HOW TO COMPLETE THIS TASK: In the records that follow, locate every line with "Soft" and extract it.

MATERIAL FOR THE TASK:
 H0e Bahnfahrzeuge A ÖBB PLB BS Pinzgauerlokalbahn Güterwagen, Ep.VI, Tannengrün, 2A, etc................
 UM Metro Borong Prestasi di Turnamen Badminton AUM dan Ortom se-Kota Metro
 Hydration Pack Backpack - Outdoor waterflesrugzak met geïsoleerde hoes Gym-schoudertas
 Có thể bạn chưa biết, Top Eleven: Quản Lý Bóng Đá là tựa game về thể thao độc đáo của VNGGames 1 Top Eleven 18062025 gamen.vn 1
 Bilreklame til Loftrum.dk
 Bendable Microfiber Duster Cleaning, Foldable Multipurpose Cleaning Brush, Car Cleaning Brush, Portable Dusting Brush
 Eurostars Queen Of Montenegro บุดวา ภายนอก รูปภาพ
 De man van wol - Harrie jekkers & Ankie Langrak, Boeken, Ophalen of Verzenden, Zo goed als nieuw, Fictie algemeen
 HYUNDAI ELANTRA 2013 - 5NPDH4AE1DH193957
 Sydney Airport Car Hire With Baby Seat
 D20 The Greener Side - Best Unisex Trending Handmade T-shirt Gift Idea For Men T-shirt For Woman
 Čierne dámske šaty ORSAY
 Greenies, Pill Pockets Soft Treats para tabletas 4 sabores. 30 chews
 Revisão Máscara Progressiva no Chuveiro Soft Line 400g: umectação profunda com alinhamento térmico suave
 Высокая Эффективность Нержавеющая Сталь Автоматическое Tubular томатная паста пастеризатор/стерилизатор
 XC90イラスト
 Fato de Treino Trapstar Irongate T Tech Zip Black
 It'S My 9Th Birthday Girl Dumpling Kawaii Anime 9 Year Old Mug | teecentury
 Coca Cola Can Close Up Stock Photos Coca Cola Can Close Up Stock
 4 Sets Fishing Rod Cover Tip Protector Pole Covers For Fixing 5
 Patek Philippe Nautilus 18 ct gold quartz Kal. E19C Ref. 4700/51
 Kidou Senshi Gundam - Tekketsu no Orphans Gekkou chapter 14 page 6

ANSWER FOR THIS EXERCISE:
 Greenies, Pill Pockets Soft Treats para tabletas 4 sabores. 30 chews
 Revisão Máscara Progressiva no Chuveiro Soft Line 400g: umectação profunda com alinhamento térmico suave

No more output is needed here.